→ **PROBLEM DESCRIPTION**
Give back each entry unchanged, minus pictures.

[[ INPUT DATA open ]]

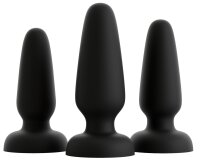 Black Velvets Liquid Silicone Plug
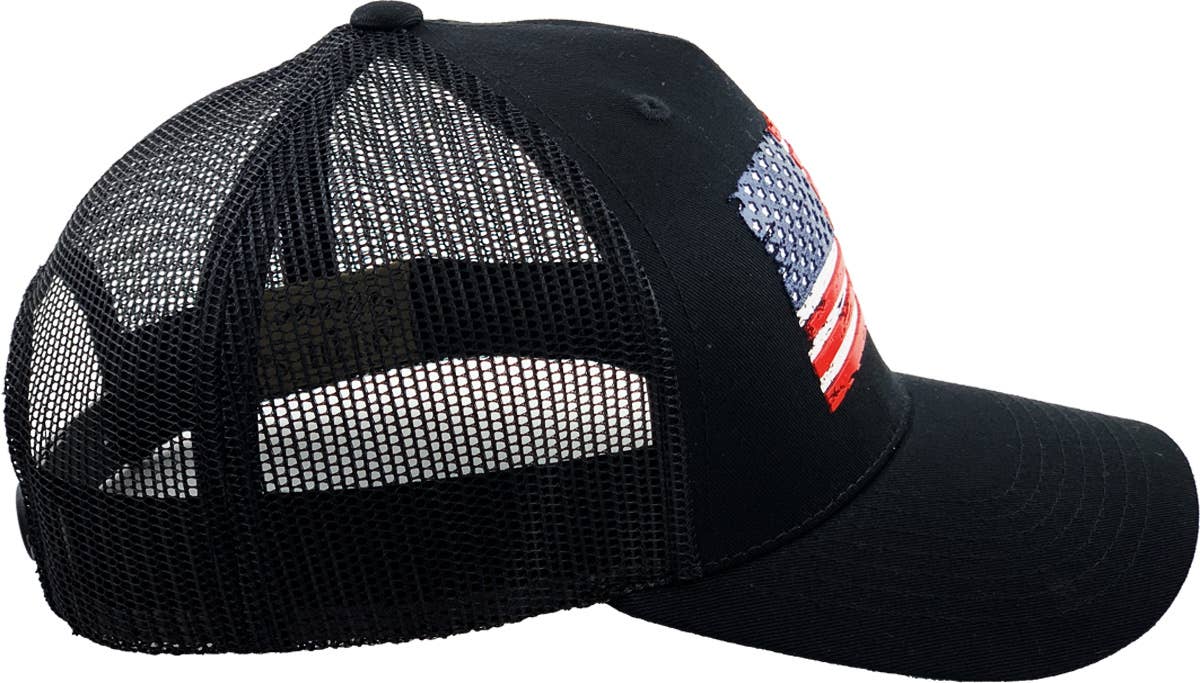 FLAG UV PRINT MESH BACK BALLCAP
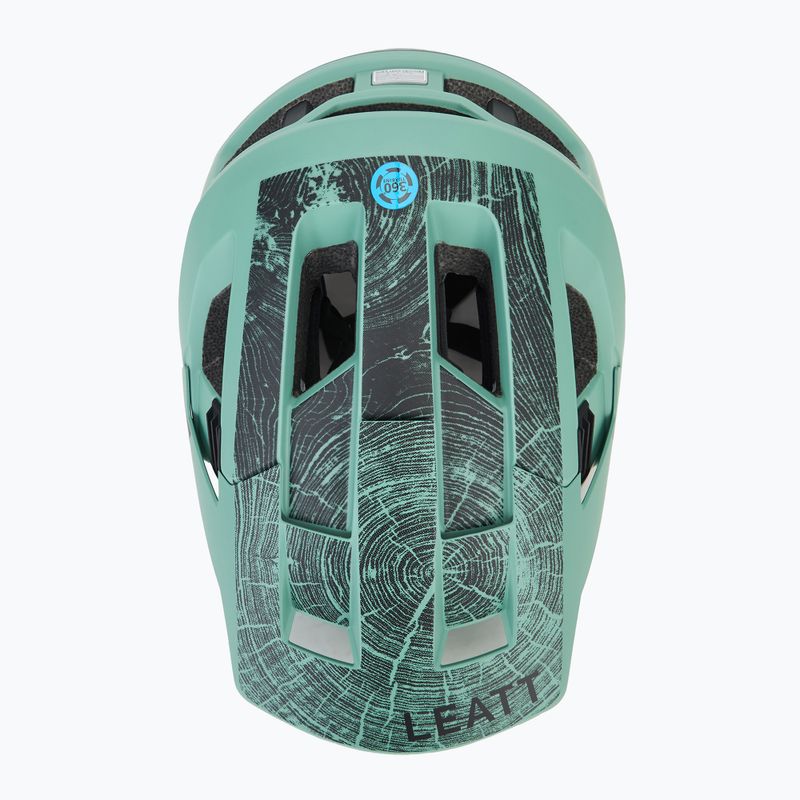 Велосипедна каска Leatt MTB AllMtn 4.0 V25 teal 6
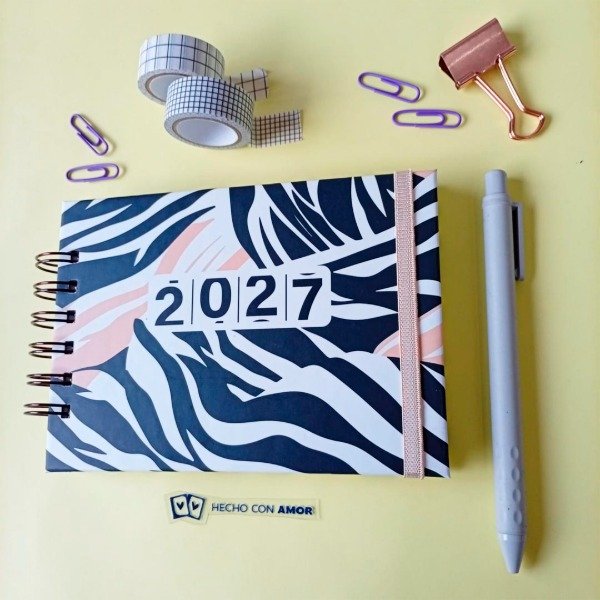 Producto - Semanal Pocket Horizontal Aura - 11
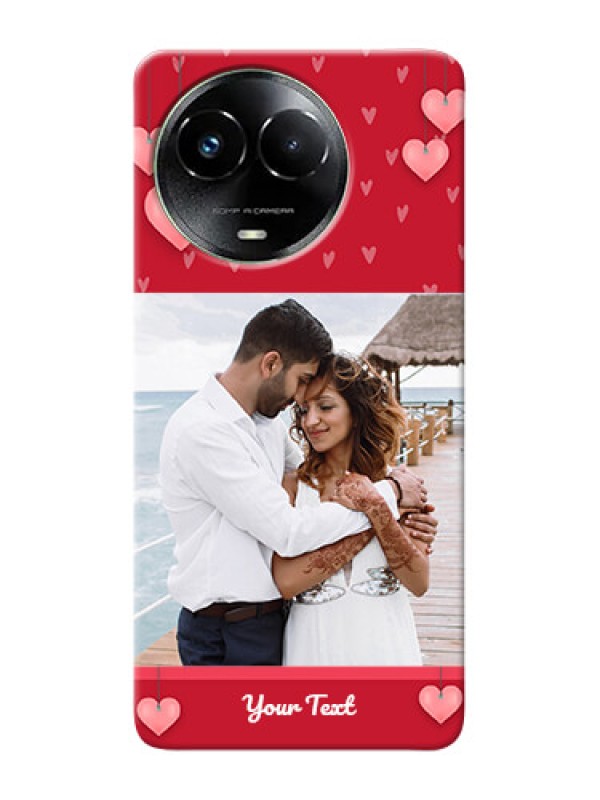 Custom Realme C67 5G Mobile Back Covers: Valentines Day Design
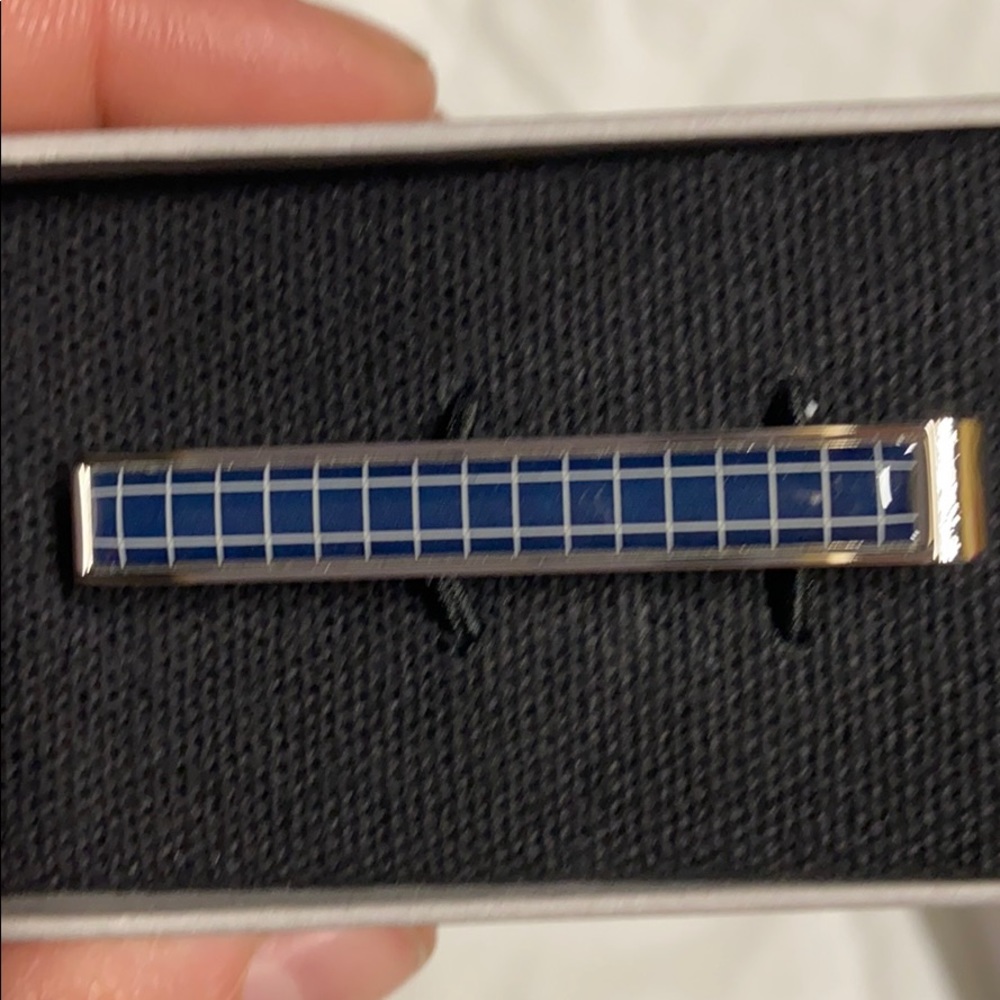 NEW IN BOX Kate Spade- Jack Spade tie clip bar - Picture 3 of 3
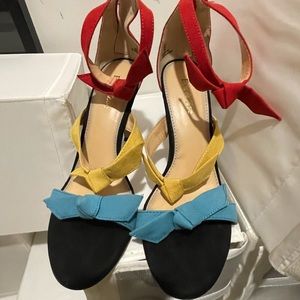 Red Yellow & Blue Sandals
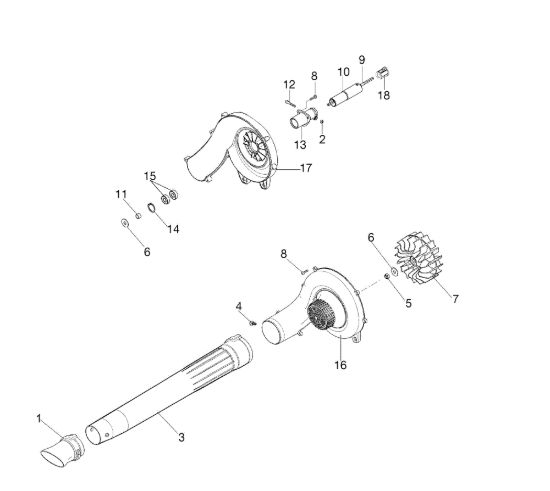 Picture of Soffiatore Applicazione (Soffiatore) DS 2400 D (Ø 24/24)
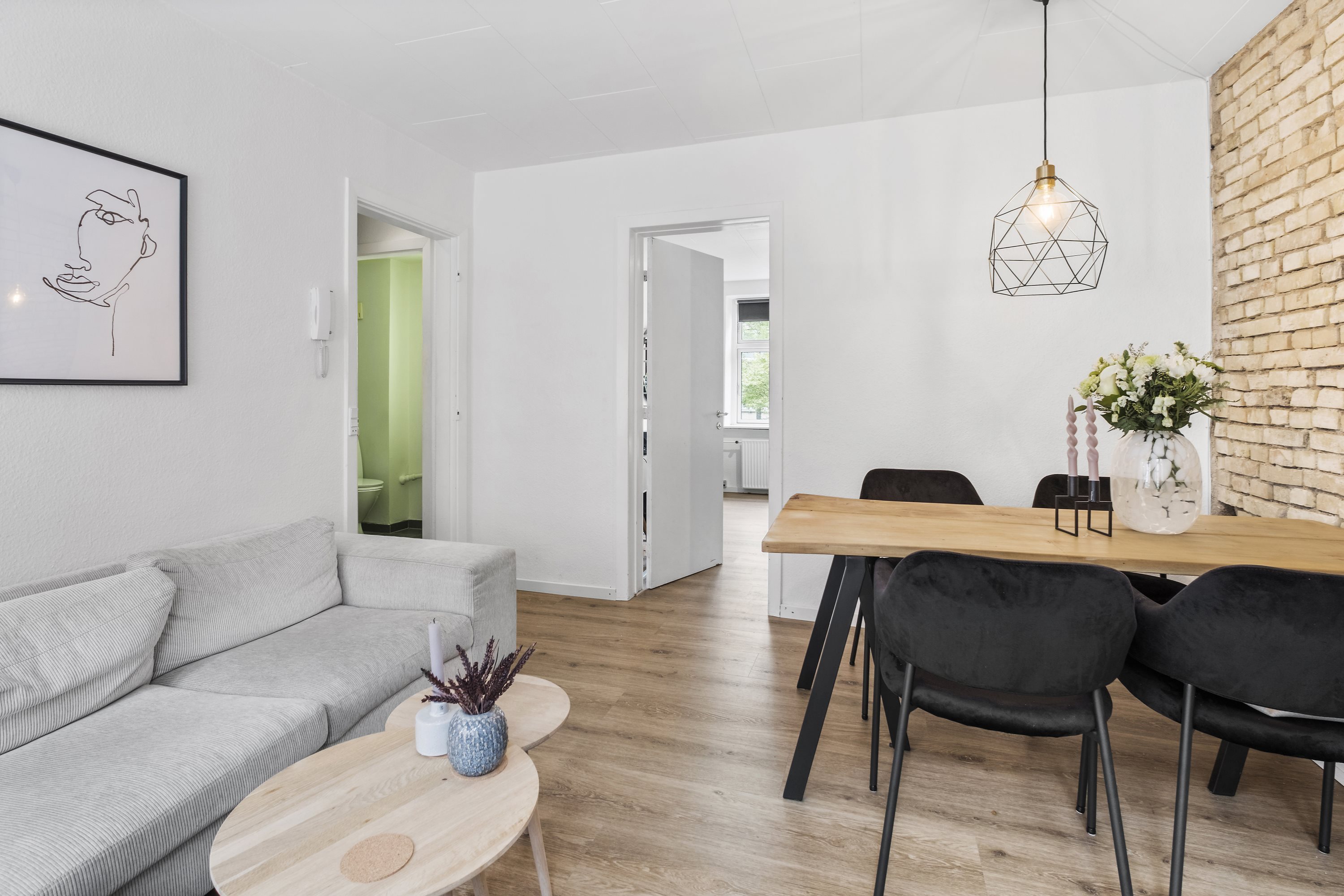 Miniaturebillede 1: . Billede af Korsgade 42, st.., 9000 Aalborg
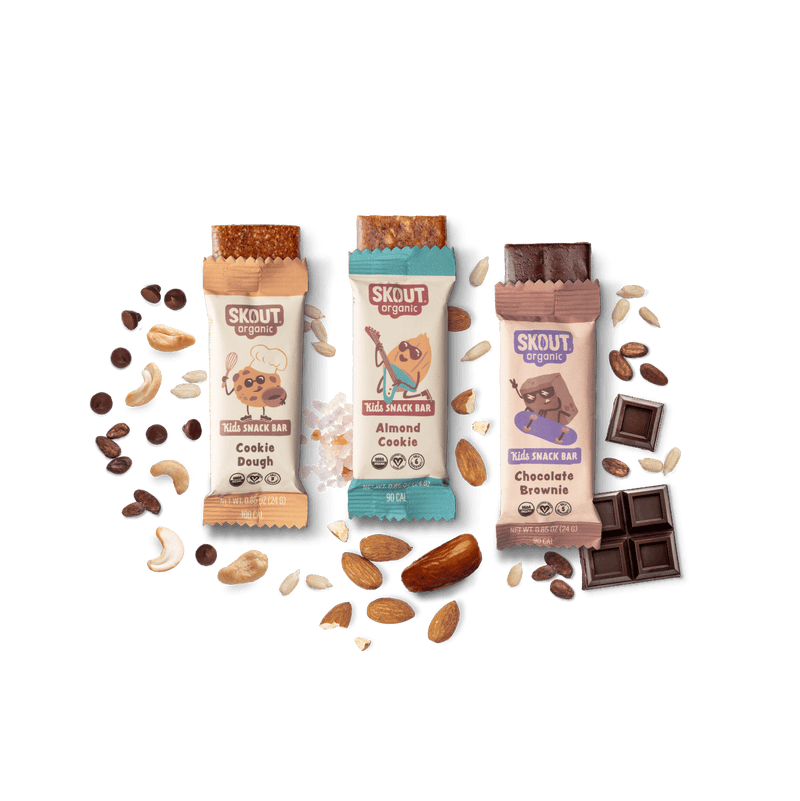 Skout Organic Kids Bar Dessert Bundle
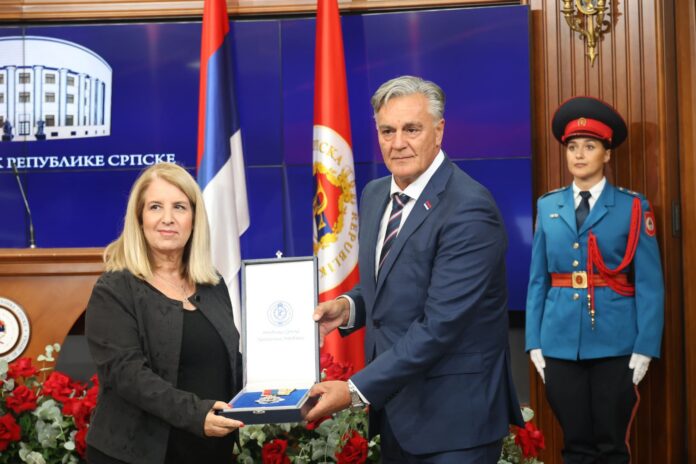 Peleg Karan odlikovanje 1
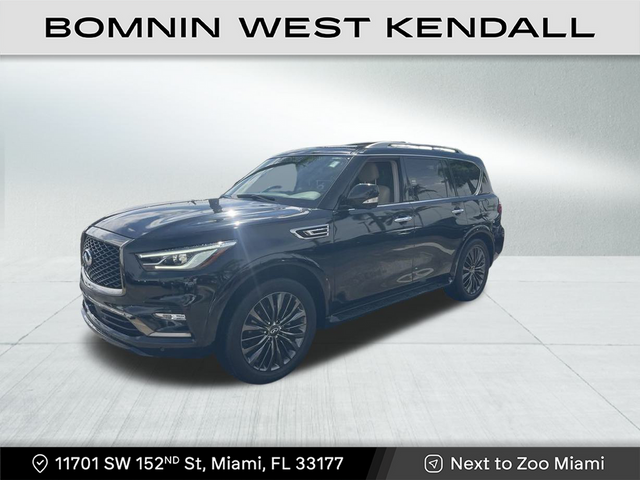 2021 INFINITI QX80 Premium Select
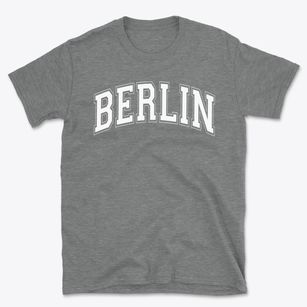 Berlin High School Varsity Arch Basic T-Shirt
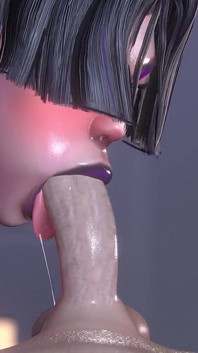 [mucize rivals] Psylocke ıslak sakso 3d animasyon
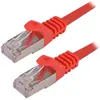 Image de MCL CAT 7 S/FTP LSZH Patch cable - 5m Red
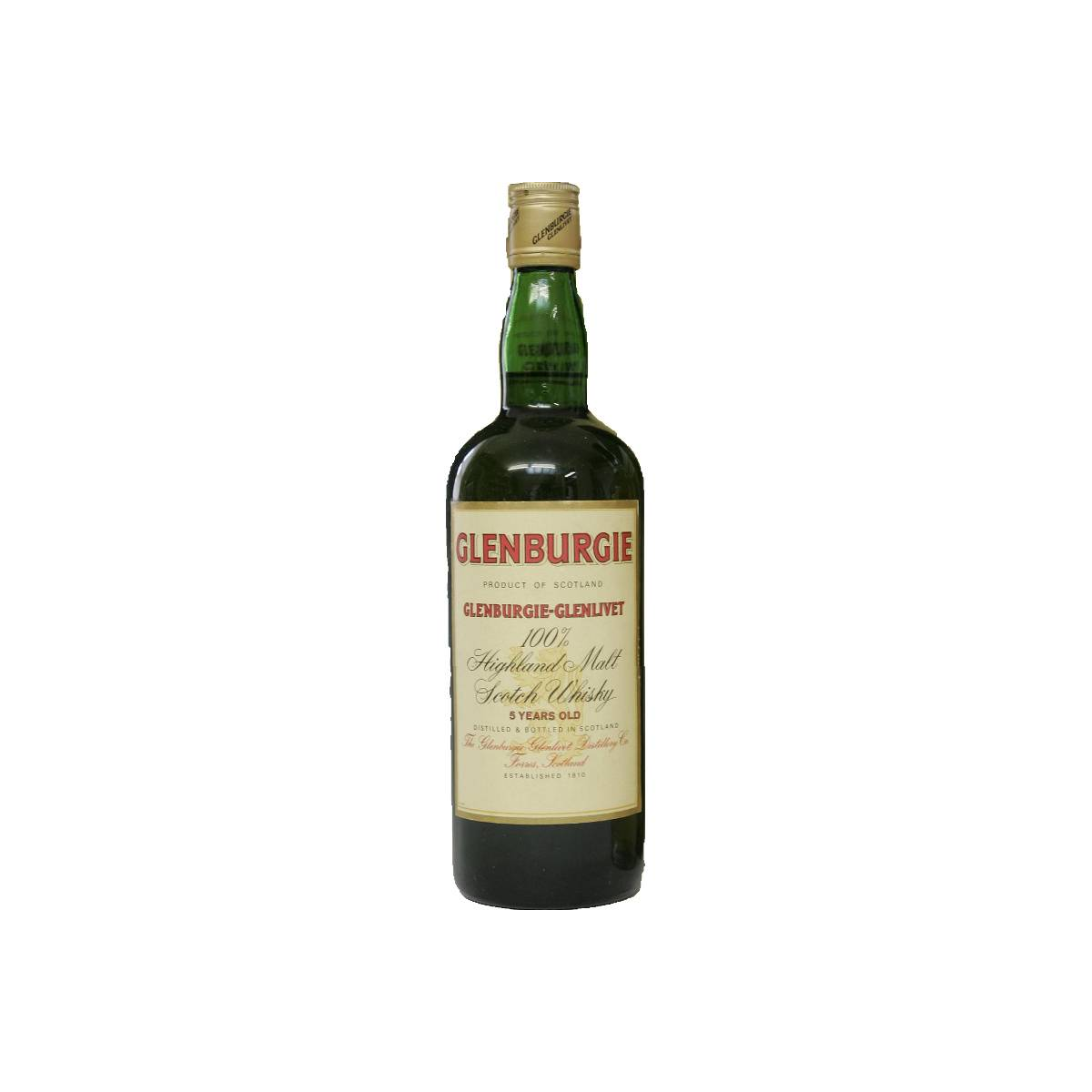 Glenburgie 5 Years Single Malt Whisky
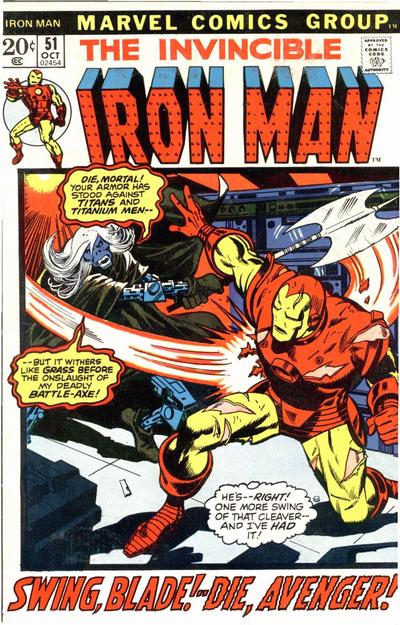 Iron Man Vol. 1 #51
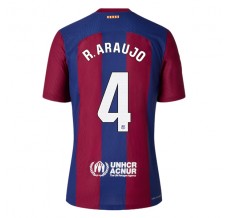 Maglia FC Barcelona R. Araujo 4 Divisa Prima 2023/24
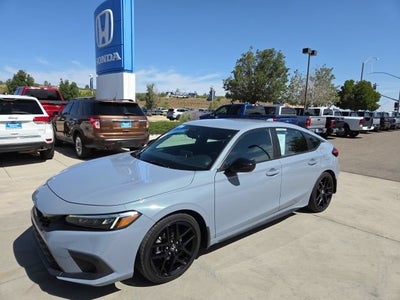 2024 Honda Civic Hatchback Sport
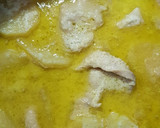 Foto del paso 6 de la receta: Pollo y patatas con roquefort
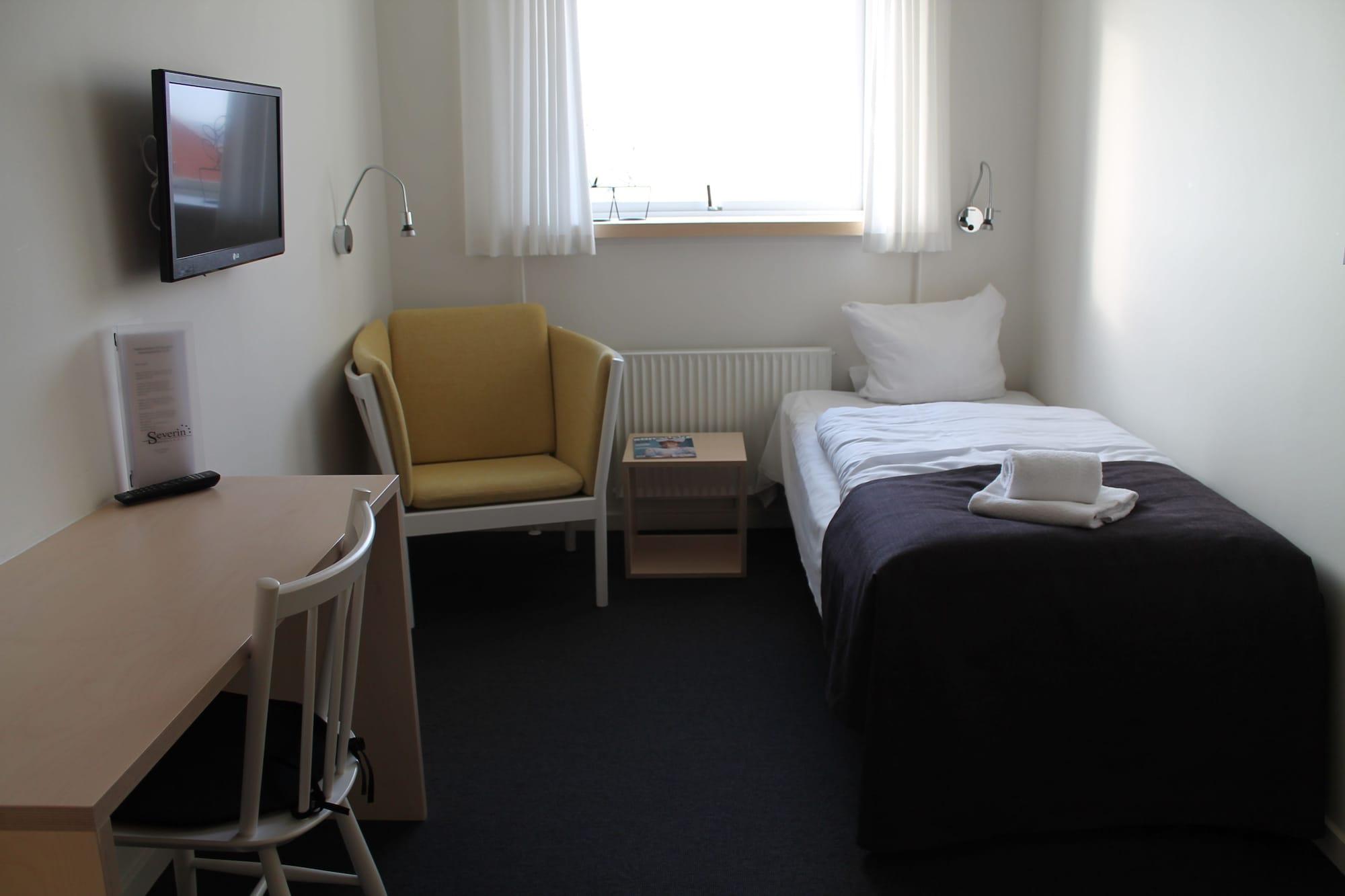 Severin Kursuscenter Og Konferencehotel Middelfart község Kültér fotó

[[ INPUT DATA closed ]]

→ **ANSWER BOX**
 Black Velvets Liquid Silicone Plug
 FLAG UV PRINT MESH BACK BALLCAP
 Велосипедна каска Leatt MTB AllMtn 4.0 V25 teal 6
 Producto - Semanal Pocket Horizontal Aura - 11
 Custom Realme C67 5G Mobile Back Covers: Valentines Day Design
 NEW IN BOX Kate Spade- Jack Spade tie clip bar - Picture 3 of 3
 Red Yellow & Blue Sandals
 Picture of Soffiatore Applicazione (Soffiatore) DS 2400 D (Ø 24/24)
 Miniaturebillede 1: . Billede af Korsgade 42, st.., 9000 Aalborg
 Skout Organic Kids Bar Dessert Bundle
 Peleg Karan odlikovanje 1
 2021 INFINITI QX80 Premium Select
 Berlin High School Varsity Arch Basic T-Shirt
 [mucize rivals] Psylocke ıslak sakso 3d animasyon
 Image de MCL CAT 7 S/FTP LSZH Patch cable - 5m Red
 Glenburgie 5 Years Single Malt Whisky
 Iron Man Vol. 1 #51
 Maglia FC Barcelona R. Araujo 4 Divisa Prima 2023/24
 2024 Honda Civic Hatchback Sport
 Foto del paso 6 de la receta: Pollo y patatas con roquefort
 Severin Kursuscenter Og Konferencehotel Middelfart község Kültér fotó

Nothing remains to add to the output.